Sunday sketch #282

I’ve often said that I’ll revert to playing with half-square triangles if I don’t have any new ideas up my sleeve. And often, it’s easy to come up with something using HSTs. This week’s design isn’t novel – you might even argue that it’s not modern – but I like it for its calmness and repetition, its simplicity, and this muted colour scheme. It feels like a much-needed palette cleanser.

These blocks are square and set on point. The blocks themselves have a 4 x 4 layout: HST ‘borders’ surrounding a central square, that itself can be a large HST. The next designs play around with colouring the internal (large) HST and the external (small) HSTs in different ways.

  

Or I can colour them all in for a bolder look. This feels modern yet traditional; old yet new. I love designs like this.
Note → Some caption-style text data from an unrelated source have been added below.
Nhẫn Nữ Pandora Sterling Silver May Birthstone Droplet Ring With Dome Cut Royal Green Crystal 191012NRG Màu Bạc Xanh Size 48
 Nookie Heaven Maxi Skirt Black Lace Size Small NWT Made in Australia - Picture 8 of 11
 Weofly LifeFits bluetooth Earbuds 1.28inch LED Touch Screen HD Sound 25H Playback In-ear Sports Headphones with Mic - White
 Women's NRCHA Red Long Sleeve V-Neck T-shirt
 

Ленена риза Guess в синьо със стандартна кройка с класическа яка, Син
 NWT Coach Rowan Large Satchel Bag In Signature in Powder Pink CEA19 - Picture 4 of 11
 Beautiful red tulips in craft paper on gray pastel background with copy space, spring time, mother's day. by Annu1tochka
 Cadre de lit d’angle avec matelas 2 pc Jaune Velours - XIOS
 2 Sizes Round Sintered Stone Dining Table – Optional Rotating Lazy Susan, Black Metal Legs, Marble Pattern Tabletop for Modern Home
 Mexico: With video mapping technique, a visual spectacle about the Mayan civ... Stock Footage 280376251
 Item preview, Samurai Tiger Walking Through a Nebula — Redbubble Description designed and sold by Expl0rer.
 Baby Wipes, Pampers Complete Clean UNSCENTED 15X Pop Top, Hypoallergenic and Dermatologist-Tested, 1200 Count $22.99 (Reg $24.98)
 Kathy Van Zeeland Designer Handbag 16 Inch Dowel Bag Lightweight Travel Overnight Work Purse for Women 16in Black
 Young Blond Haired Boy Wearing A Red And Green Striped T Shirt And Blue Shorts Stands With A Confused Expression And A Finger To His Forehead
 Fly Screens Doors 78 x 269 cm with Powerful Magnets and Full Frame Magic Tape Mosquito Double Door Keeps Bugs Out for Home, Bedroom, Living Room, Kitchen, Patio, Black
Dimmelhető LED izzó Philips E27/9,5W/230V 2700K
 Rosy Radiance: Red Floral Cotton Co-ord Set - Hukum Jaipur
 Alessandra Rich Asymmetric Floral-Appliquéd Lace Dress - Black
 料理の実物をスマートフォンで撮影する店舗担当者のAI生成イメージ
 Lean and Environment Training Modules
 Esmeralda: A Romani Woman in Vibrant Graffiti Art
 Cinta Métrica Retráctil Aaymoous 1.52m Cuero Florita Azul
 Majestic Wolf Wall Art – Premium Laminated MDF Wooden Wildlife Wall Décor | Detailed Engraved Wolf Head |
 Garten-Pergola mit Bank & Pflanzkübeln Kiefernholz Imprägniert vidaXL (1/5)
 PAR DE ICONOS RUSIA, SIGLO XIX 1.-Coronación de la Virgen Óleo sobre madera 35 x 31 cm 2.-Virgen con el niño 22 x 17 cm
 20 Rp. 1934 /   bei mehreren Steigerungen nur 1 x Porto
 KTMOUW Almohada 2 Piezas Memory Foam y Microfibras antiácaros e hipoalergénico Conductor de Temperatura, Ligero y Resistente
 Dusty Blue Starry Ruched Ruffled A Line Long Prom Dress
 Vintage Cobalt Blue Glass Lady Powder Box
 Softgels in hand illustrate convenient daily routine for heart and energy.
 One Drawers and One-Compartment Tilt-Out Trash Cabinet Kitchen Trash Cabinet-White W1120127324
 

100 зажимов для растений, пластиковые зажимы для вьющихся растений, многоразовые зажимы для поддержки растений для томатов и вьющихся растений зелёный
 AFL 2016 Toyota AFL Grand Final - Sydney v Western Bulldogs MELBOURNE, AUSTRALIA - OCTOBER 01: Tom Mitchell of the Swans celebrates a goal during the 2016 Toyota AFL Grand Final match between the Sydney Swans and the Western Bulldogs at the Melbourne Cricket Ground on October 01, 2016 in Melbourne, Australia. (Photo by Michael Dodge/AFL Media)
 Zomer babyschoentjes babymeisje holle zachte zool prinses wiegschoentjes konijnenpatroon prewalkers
Using a reverse colourway for just the blocks (rather than for the design as a whole) helps to show you how they’re square blocks set on point:

Expanding the colour palette gives you additional options, too.

  

This week’s designs could all be made into an actual quilt using HSTs and squares (or more HSTs). I tend to put broad borders around designs like this one, to give the eye more negative space to rest on. But I know plenty of people hate adding borders to quilts. I think the designs would work well without them too.

Sunday sketch #281

This week’s design is block based, but you’d be forgiven for missing that. I’ve coloured the blocks in this 5 x 5 layout fairly randomly, using only three colours.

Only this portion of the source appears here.